Através das primeiras edições do jornal observamos, em um primeiro momento, a dificuldade da comunidade em relação ao próprio termo atingido. Quem é atingido e quem não é, apresenta-se como uma problemática que envolve os direitos à reparação. Em um segundo momento, observamos que ao longo dos meses, surge um preconceito em relação à comunidade que após o desastre foi realocada para a cidade de Mariana.

A partir das análises realizadas, fica evidente que a mudança de comportamento dos cidadãos de Mariana, de uma postura inicial de solidariedade para a hostilidade em relação à comunidade atingida, pode ser atribuída a diversos fatores. Entre eles, destaca-se o estigma alimentado por narrativas da mídia e a falta de compreensão das consequências psicológicas do desastre. O preconceito enfrentado pelos atingidos, juntamente com a luta constante pela recuperação do território e a memória da tragédia, contribuem para o mal-estar psíquico vivenciado pela comunidade, que até hoje aguarda o reassentamento de suas casas. Essa mudança de comportamento reflete a necessidade de um maior entendimento e sensibilização por parte da população, a fim de promover a solidariedade e apoio contínuo às comunidades afetadas por eventos traumáticos.

Por meio dos relatos encontrados e também das passagens do jornal, podemos inferir que parte desse processo se dá pela pausa das atividades da Samarco no município que prejudicou parte da população de Mariana.
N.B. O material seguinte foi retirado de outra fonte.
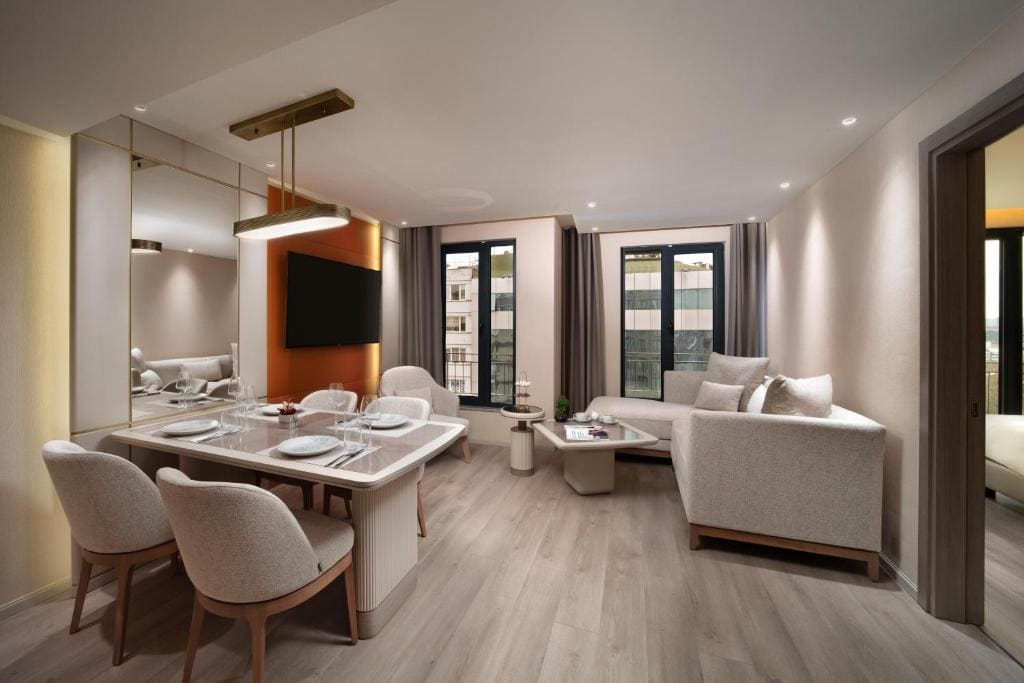 King Suite room - Image 3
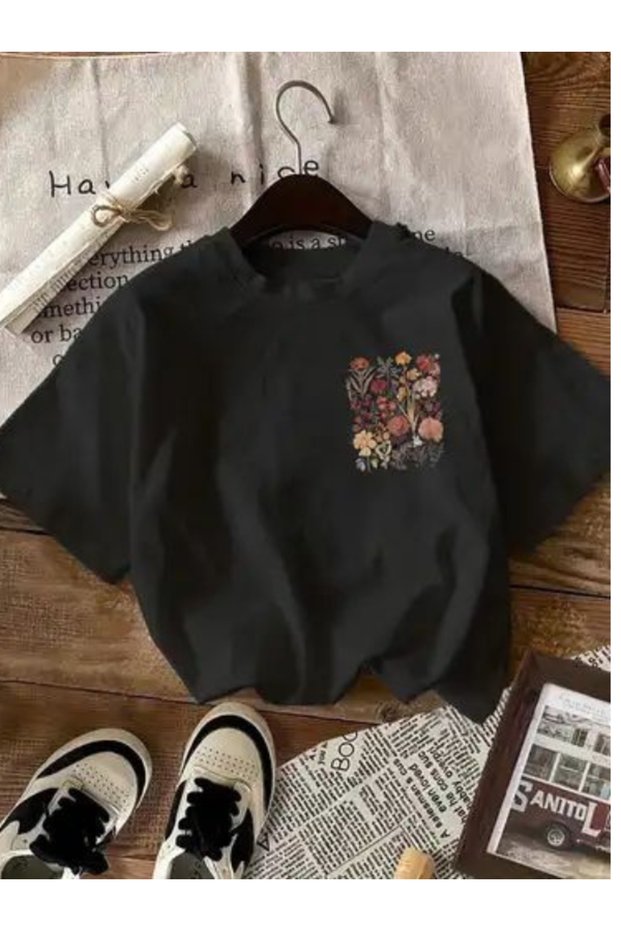 "Floral Pattern Pocket Oversized Printed Black T-Shirt – Minimal and Natural Style"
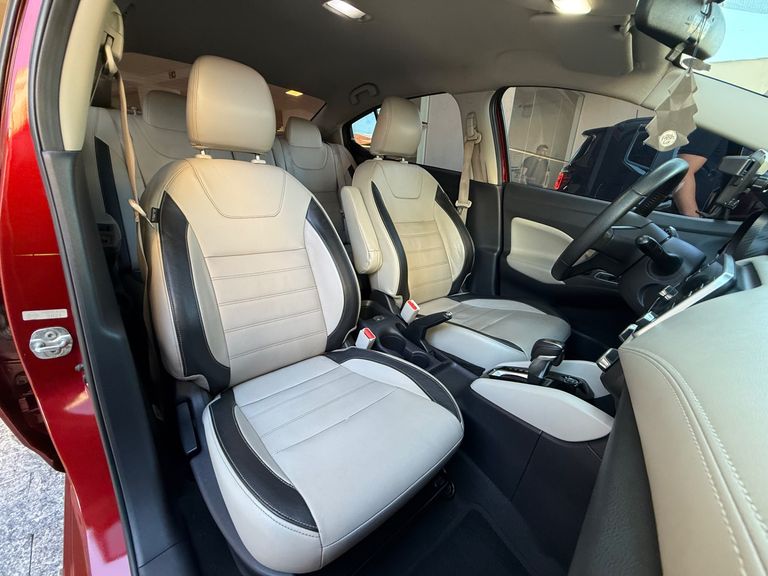 Nissan VERSA Exclusive 1.6 16V Flex Aut.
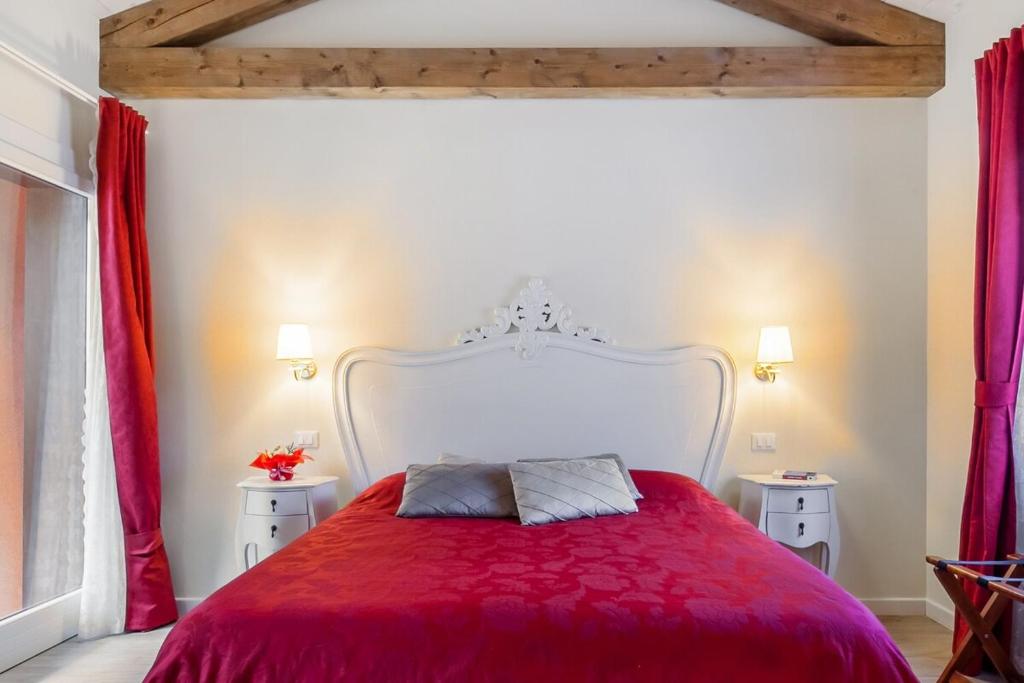 Gem's House, romantic Biennale free wi-fi - 2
Seguindo essa lógica, os atingidos se tornam então, os principais “culpados” pela queda da mineradora.

A partir do site da Fundação Renova, foi possível observar o jogo político que atravessa as narrativas das histórias, na medida em que a instituição, possui poderes aquisitivos maiores que as populações atingidas, o que permite que a empresa invista mais capital em marketing e publicidade a fim de reverter a crise de imagem pela qual a Samarco, mais que as empresas Vale e BHP passou após o crime. A própria criação da Instituição, de acordo com Maher (2021), foi algo feito às escuras. Os atingidos durante as reuniões promovidas pela Samarco, não sabiam que o processo de reparação viria de uma pessoa jurídica.

Assim como a construção do Dique S4, considerada uma forma de apagamento e que foi justificada como uma das únicas formas possíveis de contenção dos rejeitos restantes pós desastre, nos últimos meses, a alteração da rota da Estrada Real (Freitas et al, 2023), que passava pelo antigo Bento, se tornou também fonte de disputa, a partir do momento em que a Fundação Renova planejou as mudanças de rota com a justificativa de potencial turístico sem consultar a população atingida. Esse processo soma mais uma forma de apagamento da memória de Bento origem e que faz parte também de mais uma camada do trauma vivenciado.


Conclusões/Considerações finais
A partir desse pequeno esboço, concluímos que para que o discurso da comunidade atingida seja ouvido, é necessário um trabalho de sensibilização social.